[TASK PROMPT] What the answer must contain is every line of the records, exactly, with no pictures.

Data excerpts
__________

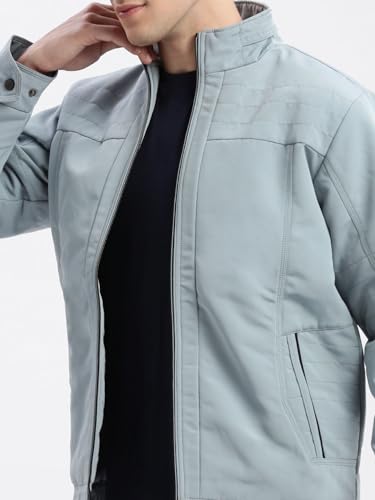 Image of SHOWOFFFF Men Solid Bomber Jacket | Mock Collar Full Sleeves Nylon Jacket for Mens | Slim Fit Regular Length Jacket for Men's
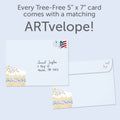 Load image into Gallery viewer, The envelope for Tree-Free’s Joyful 60 card, along with the following text: “Every Tree-Free 5x7 card comes with a matching ARTvelope!”
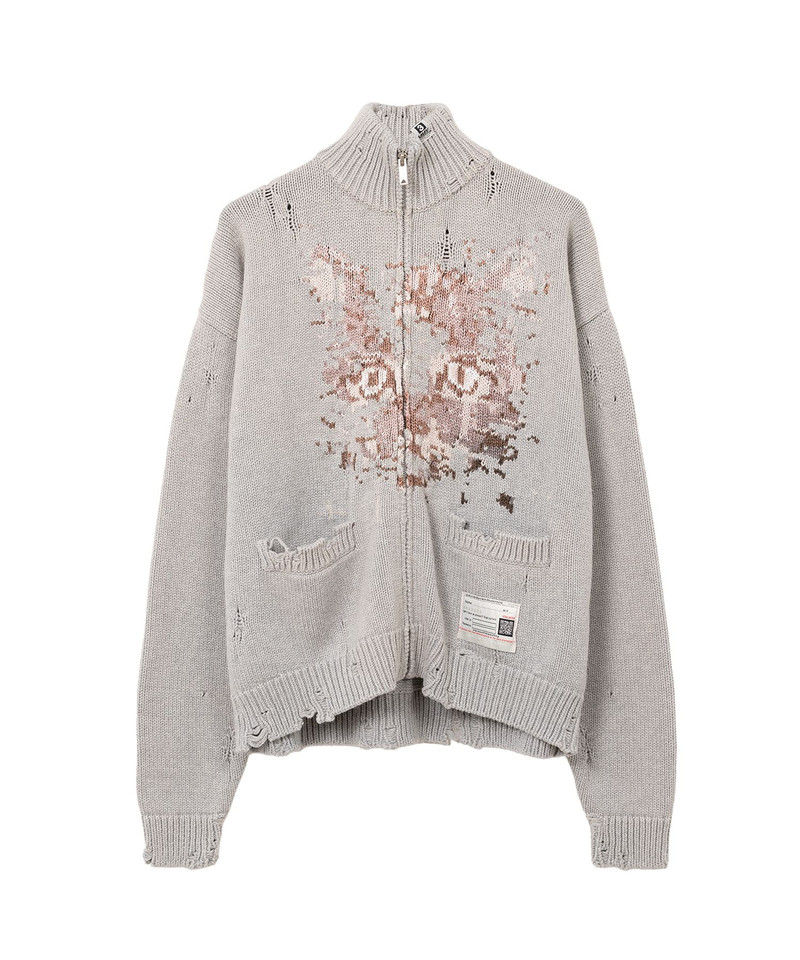 Cat Jacquard Knit Cardigan 24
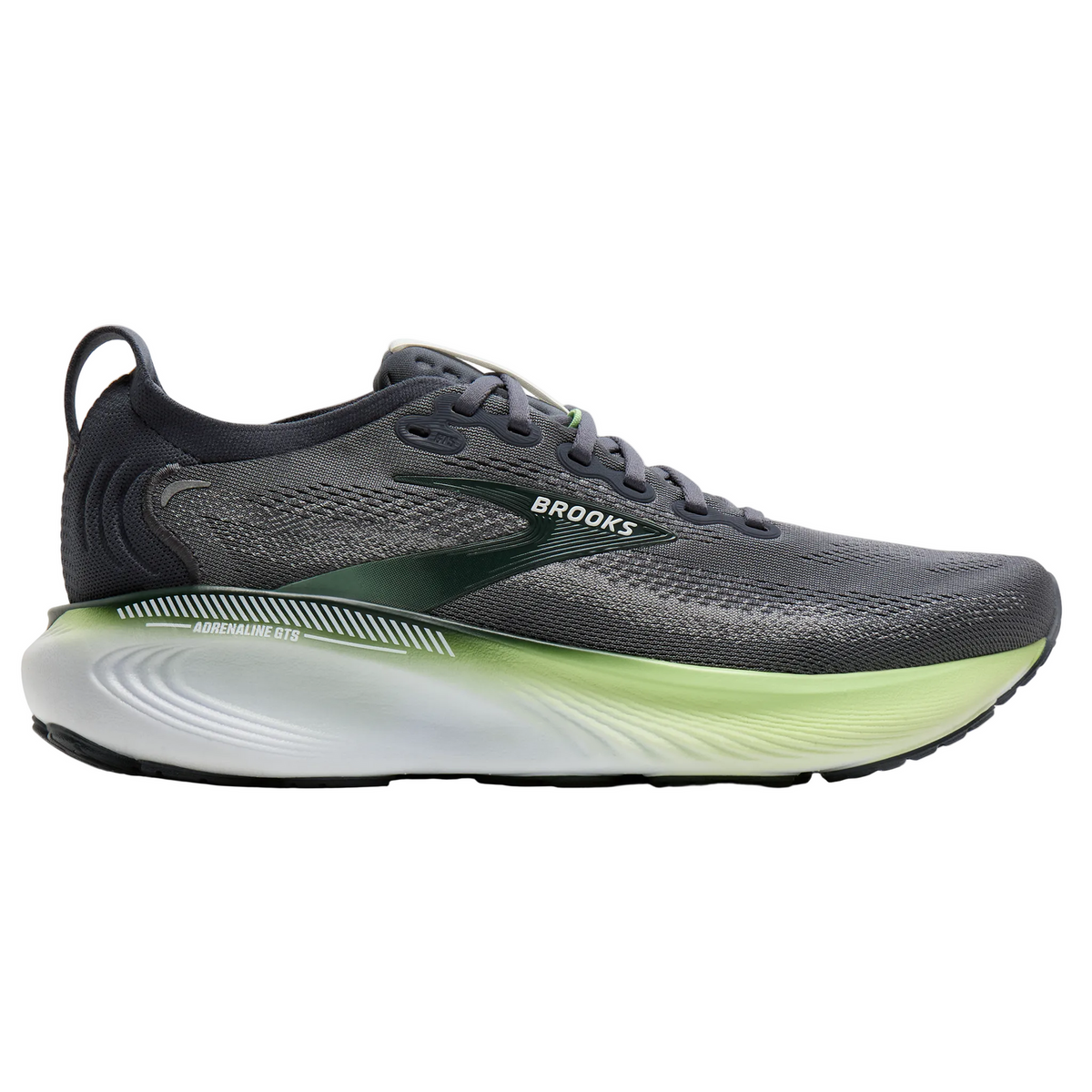 BROOKS Adrenaline GTS 25 Mens Wide FOOTWEAR - Mens Stability GREY/PARADISE GREEN/SPRUCE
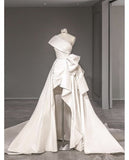 Chic High Low One Shoulder Sleeveless White Satin Wedding Dresses HZ1024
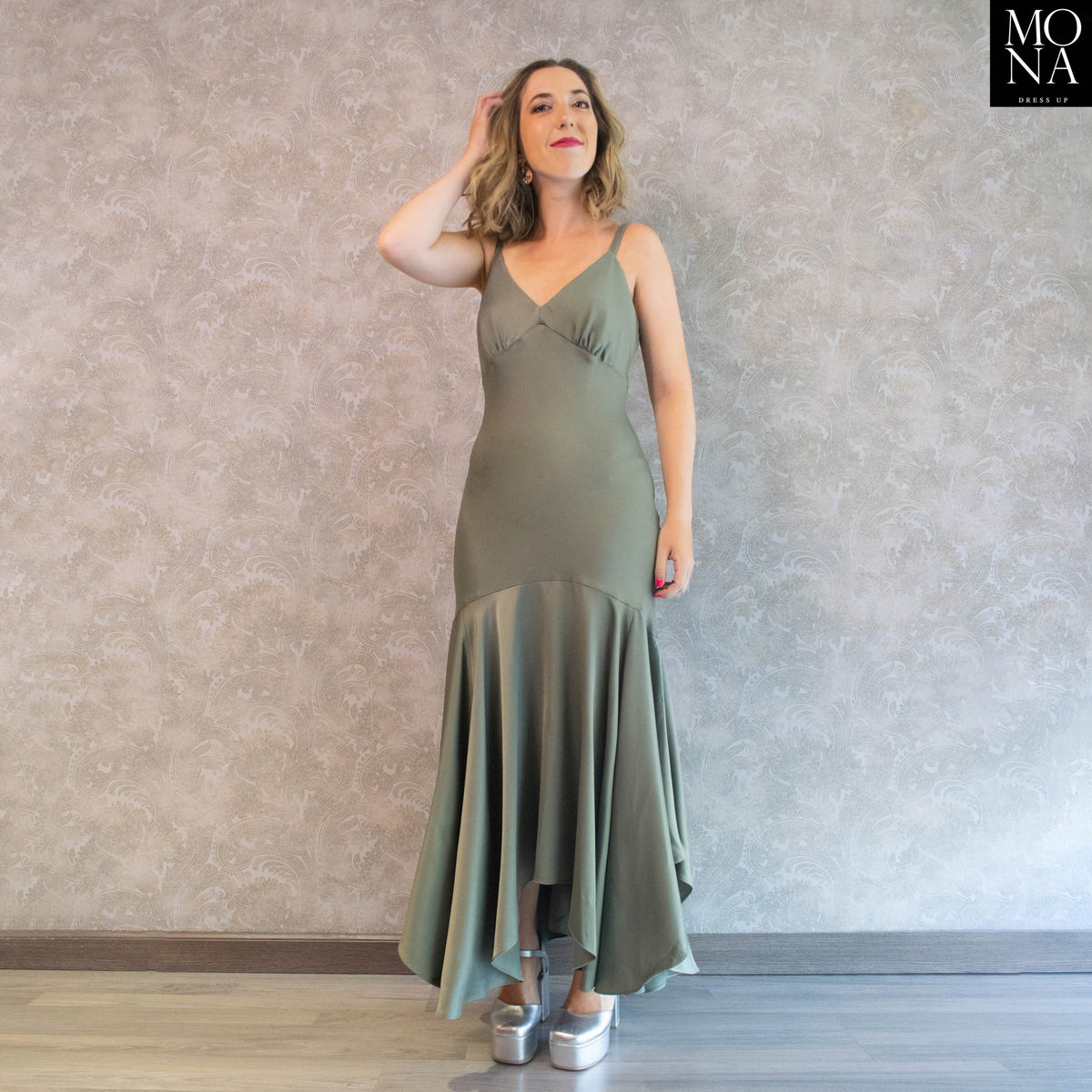 Vestido largo Lola verde oliva, foto 4 de 6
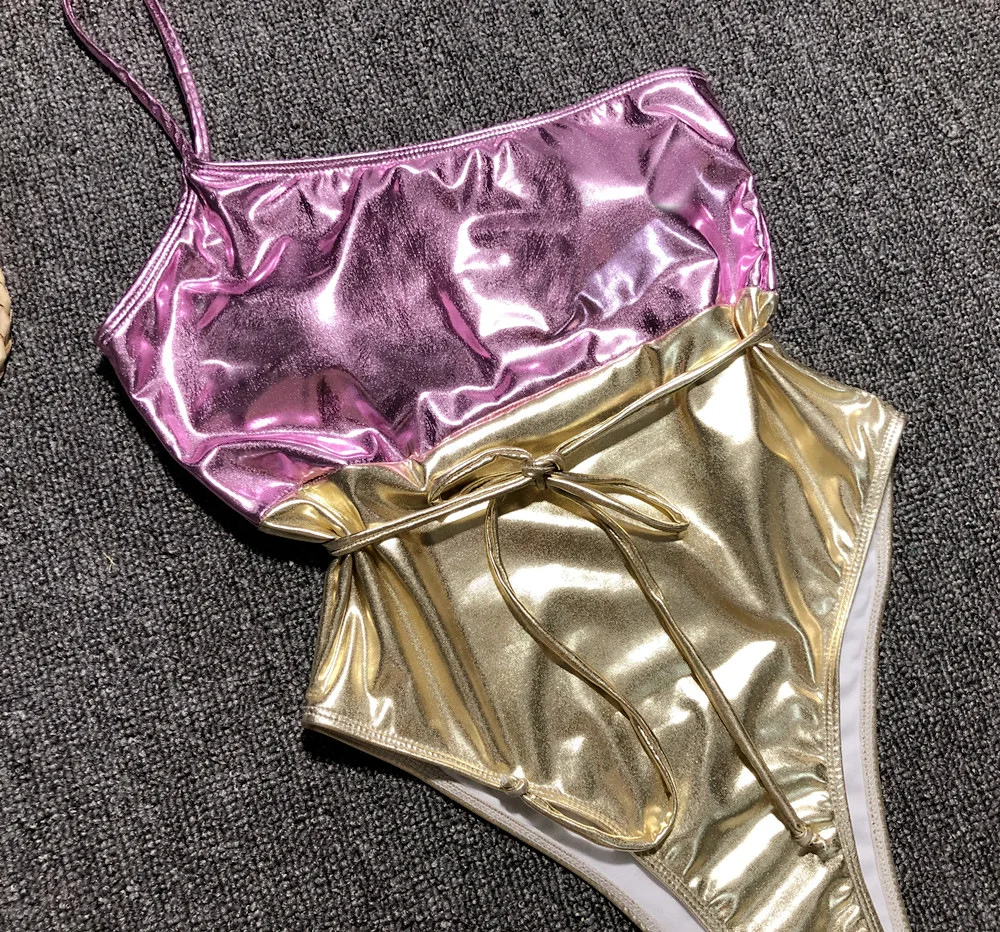 2019 One-shoulder Metallic Matching Swimwear Pink Glitter Bikini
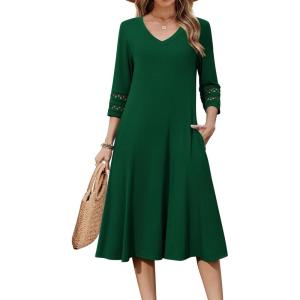 Zeagoo Women Casual Dress 3/4 Sleeve Casual Loose Midi Dress(Green)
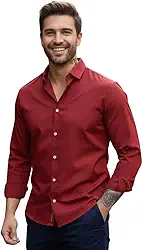Camisa Social Masculina Manga Longa Gola Italiana confortavel e Elegante para Reunião e Ocasiões Especiais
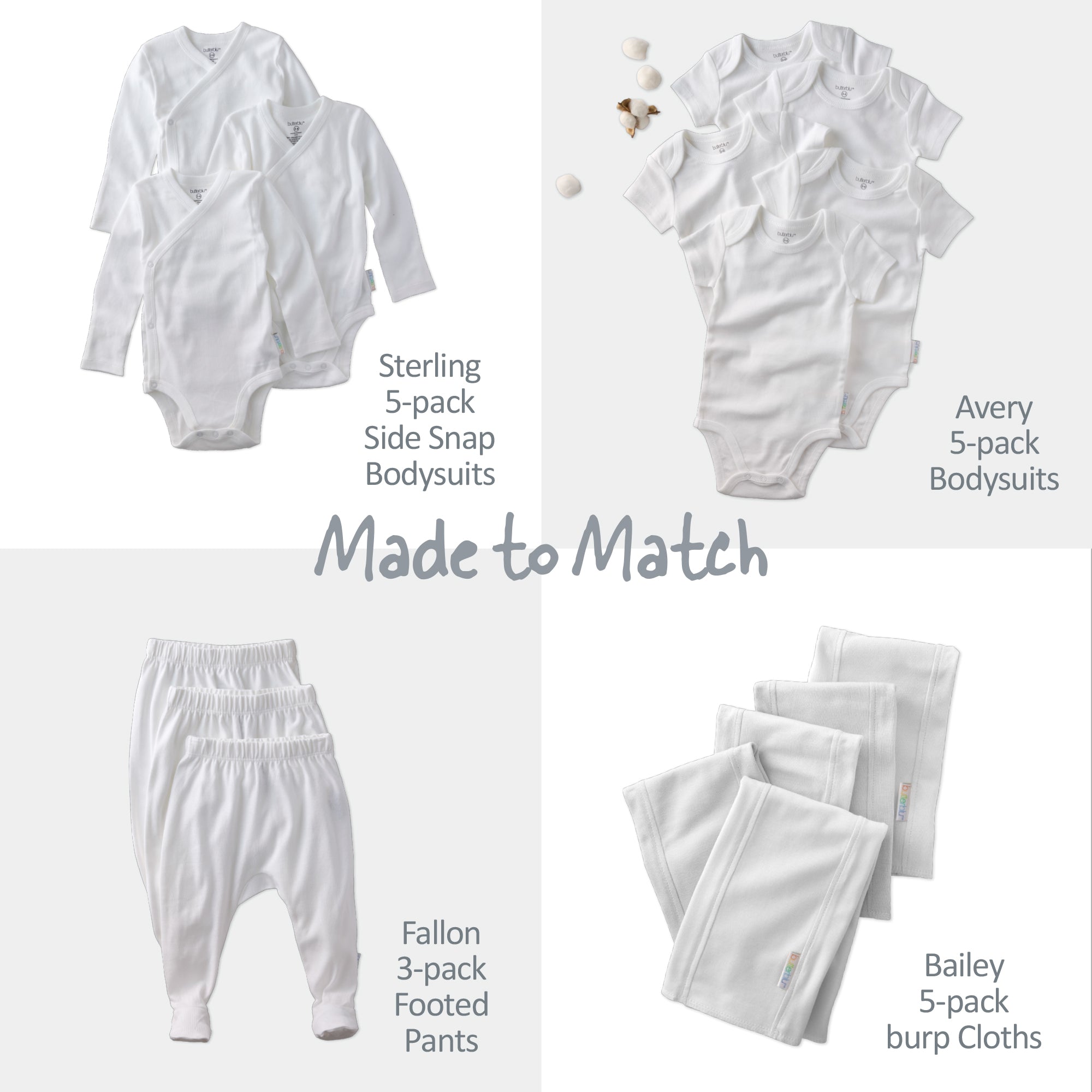Baby clothing set with bodysuits, footed pants, and burp cloths on a white background.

__________

[COMPLETED EXERCISE]
 Image of SHOWOFFFF Men Solid Bomber Jacket | Mock Collar Full Sleeves Nylon Jacket for Mens | Slim Fit Regular Length Jacket for Men's
 Load image into Gallery viewer, The envelope for Tree-Free’s Joyful 60 card, along with the following text: “Every Tree-Free 5x7 card comes with a matching ARTvelope!”
 Cat Jacquard Knit Cardigan 24
 BROOKS Adrenaline GTS 25 Mens Wide FOOTWEAR - Mens Stability GREY/PARADISE GREEN/SPRUCE
 Chic High Low One Shoulder Sleeveless White Satin Wedding Dresses HZ1024
 Vestido largo Lola verde oliva, foto 4 de 6
 2019 One-shoulder Metallic Matching Swimwear Pink Glitter Bikini
 Zeagoo Women Casual Dress 3/4 Sleeve Casual Loose Midi Dress(Green)
Camisa Social Masculina Manga Longa Gola Italiana confortavel e Elegante para Reunião e Ocasiões Especiais
Baby clothing set with bodysuits, footed pants, and burp cloths on a white background.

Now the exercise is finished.